The Real Estate Business Council of Quintana Roo has rejected claims of a crisis in Tulum’s property market, describing recent reports of a downturn as a “disinformation campaign” driven by uncertified advisors. Miguel Ángel Lemmus, president of the council, said that while Tulum faces ongoing infrastructure and planning challenges, the destination’s real estate growth remains strong.
“Tulum emerged from a complex mix of ejido and private land, which created natural challenges for electricity, water, and sanitation,” Lemmus said. “However, the market’s dynamism continues to be one of the most solid in the Mexican Caribbean.”
According to sector data, between 600 and 650 real estate units are sold each month in the municipality, reflecting steady demand from both national and foreign investors.
Numbers Tell a Different Story
The idea of a slowdown contrasts sharply with current sales activity. In Quintana Roo, there are about 1,000 ongoing real estate projects, 565 of them in Tulum alone. That concentration has helped make the area one of Mexico’s most active development poles, even amid regulatory uncertainty and infrastructure strains.
Industry analysts say that the absence of a comprehensive Urban Development Master Plan and continuing disputes over access to Parque Jaguar have slowed certain projects. Yet Lemmus emphasized that fewer than five percent of Tulum’s developments face any type of irregularity. “There is no crisis. What we see is a need for coordination and better infrastructure, not panic,” he noted.
The Riviera Maya’s market has historically weathered periods of speculation. But the recent wave of online content predicting a “collapse” appears more coordinated than spontaneous, according to local brokers interviewed by The Tulum Times. Several cited misleading marketing tactics from unlicensed advisors as a growing concern for the region’s reputation.
Infrastructure: The Real Bottleneck
Beyond misinformation, Tulum’s biggest challenge remains its basic services. Rapid urban growth has outpaced the capacity of its electrical grid and water systems, creating bottlenecks for new projects and existing residents alike. The local government has promised new investments, but progress has been uneven.

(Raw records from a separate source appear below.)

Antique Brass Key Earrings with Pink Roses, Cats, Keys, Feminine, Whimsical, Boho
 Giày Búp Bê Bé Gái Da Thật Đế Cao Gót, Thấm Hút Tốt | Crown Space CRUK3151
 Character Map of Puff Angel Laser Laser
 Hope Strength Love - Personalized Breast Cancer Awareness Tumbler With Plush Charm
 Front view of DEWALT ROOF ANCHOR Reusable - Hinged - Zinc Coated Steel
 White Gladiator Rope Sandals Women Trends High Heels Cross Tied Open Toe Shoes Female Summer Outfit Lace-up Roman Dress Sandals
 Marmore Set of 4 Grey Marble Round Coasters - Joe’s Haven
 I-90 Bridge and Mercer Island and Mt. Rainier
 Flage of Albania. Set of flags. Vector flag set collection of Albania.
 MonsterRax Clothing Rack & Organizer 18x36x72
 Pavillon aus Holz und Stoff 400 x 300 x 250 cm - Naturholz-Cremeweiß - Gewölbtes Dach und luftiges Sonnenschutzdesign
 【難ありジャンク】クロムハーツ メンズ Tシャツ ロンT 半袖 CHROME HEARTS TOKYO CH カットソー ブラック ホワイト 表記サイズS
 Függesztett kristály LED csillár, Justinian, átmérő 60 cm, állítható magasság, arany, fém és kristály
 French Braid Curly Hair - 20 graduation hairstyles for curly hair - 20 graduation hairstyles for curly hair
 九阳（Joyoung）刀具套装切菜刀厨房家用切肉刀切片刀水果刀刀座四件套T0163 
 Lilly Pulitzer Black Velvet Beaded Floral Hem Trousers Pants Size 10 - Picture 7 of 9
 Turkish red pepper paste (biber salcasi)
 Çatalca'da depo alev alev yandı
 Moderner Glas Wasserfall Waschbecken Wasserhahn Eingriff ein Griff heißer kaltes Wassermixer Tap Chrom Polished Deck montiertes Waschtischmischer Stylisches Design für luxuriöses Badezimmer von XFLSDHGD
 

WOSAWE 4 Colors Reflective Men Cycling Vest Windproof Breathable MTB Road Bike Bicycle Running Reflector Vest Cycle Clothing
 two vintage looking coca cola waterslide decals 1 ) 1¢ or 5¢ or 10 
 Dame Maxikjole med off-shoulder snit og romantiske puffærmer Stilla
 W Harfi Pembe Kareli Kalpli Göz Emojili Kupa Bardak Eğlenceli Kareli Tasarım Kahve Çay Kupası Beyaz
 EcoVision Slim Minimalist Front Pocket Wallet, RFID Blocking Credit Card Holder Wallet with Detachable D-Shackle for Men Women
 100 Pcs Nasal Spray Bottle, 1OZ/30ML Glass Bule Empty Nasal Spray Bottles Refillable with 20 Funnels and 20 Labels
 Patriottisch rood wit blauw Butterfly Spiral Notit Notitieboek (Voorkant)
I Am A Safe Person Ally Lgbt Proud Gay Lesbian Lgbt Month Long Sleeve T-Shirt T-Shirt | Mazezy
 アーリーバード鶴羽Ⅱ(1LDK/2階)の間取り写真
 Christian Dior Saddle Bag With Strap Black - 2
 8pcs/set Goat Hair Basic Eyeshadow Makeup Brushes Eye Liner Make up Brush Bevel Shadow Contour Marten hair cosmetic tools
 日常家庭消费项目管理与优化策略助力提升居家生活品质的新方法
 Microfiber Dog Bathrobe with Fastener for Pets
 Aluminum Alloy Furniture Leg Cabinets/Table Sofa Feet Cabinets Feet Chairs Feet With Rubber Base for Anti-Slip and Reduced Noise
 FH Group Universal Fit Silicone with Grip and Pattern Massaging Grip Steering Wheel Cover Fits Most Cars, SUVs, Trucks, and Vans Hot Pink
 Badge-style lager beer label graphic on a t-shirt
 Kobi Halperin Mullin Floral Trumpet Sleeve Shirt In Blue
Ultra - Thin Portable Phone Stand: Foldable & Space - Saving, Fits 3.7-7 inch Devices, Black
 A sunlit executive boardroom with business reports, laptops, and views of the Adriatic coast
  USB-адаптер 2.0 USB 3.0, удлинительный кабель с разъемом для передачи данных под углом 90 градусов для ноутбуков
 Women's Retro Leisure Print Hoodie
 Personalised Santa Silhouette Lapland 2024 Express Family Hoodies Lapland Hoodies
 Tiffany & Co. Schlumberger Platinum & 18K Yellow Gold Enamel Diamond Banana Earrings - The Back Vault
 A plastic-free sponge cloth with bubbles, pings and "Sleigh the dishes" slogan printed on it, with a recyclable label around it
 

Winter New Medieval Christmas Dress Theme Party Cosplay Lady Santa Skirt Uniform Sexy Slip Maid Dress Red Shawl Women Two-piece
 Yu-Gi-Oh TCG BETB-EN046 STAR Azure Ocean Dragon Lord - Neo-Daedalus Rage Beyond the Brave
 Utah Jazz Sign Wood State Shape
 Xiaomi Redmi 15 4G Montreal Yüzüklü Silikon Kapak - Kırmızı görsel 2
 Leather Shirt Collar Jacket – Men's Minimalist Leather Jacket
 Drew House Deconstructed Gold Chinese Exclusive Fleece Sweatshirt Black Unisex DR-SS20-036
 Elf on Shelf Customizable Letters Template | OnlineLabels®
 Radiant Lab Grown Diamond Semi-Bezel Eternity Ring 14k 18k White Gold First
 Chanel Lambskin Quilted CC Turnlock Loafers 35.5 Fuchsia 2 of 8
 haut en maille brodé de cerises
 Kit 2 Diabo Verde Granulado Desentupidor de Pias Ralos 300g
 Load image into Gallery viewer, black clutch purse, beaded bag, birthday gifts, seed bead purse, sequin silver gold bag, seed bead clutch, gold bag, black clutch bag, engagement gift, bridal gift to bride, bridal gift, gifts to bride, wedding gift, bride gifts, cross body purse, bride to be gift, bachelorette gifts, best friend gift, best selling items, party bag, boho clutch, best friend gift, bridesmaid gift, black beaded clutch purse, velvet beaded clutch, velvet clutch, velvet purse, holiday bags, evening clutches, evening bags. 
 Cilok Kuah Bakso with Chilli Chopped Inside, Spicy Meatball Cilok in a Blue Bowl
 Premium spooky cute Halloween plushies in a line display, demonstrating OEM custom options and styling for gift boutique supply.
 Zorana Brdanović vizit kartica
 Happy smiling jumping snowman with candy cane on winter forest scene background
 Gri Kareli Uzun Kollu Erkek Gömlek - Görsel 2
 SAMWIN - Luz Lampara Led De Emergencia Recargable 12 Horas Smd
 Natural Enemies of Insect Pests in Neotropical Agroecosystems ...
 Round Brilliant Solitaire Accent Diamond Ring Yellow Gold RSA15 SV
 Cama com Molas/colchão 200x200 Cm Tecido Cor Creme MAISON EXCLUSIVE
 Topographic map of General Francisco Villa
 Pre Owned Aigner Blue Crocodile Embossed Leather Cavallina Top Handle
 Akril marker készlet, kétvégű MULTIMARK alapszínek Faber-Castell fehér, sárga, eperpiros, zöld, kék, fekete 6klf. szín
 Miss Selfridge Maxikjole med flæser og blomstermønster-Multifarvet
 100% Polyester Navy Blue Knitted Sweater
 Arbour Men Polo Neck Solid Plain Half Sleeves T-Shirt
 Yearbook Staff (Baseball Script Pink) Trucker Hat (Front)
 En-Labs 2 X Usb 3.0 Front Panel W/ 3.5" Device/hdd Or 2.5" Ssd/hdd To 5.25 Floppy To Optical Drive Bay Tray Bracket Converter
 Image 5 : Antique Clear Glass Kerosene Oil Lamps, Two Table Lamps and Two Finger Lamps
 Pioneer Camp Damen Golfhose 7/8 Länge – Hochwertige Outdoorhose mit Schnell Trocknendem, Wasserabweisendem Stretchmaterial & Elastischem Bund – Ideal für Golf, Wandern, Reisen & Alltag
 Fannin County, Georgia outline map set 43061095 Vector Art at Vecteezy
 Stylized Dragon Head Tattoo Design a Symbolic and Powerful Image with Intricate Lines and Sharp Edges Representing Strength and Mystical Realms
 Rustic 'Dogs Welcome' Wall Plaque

Lemmus called on federal, state, and municipal authorities to align infrastructure spending with the pace of construction permits. “If we want sustainable growth, investment in public services has to come first,” he said. His remarks echo a long-standing tension between private developers and government agencies over who should shoulder the costs of rapid expansion.
Confidence Among Investors Persists
Despite the obstacles, the tone among most real estate professionals in Tulum remains cautiously optimistic. Projects aimed at mid- to high-end buyers continue to attract investors from the United States, Canada, and Europe. The region’s ongoing popularity as a tourism and retirement destination has also helped sustain property values.
Some local firms report that residential sales in mixed-use developments, especially those emphasizing eco-friendly design and short-term rental potential, have increased over the past year. Others acknowledge that tighter environmental rules and construction delays have reshaped timelines, but not investor appetite.
In the broader context of the Riviera Maya, Tulum’s trajectory mirrors that of other fast-growing towns that struggle to balance tourism, sustainability, and livability. “Growth is inevitable; the question is how to make it coherent,” said one developer who requested anonymity to avoid controversy.
A Call for Professionalism and Regulation
The debate has also exposed an underlying structural issue: the proliferation of unlicensed agents. Lemmus urged buyers to work only with certified professionals, warning that “misinformation begins where professional ethics end.” The council plans to launch a new registry of verified advisors by early next year to increase transparency in real estate transactions.
For locals, the real concern is not a market crash but urban chaos. As residential towers rise near areas once dominated by low-density housing, residents fear Tulum could repeat the mistakes of other Caribbean cities that grew faster than they could plan.
Urban planners argue that the absence of a unified development framework leaves room for speculation and infrastructure gaps. Still, few doubt Tulum’s long-term potential. Its location, tourism flow, and international visibility continue to attract sustained interest.
What’s at Stake for Tulum’s Future
If the Real Estate Business Council’s outlook proves accurate, Tulum’s property sector may remain resilient through the next cycle of development. But whether that growth becomes sustainable depends on a coordinated effort among government, developers, and certified advisors.
As The Tulum Times observed during interviews with market participants, optimism alone will not build roads, expand sewage systems, or regulate environmental impact. But transparency and cooperation might.
Tulum’s market, far from collapsing, appears to be maturing, and the way stakeholders manage that transition could define the next decade of the Riviera Maya.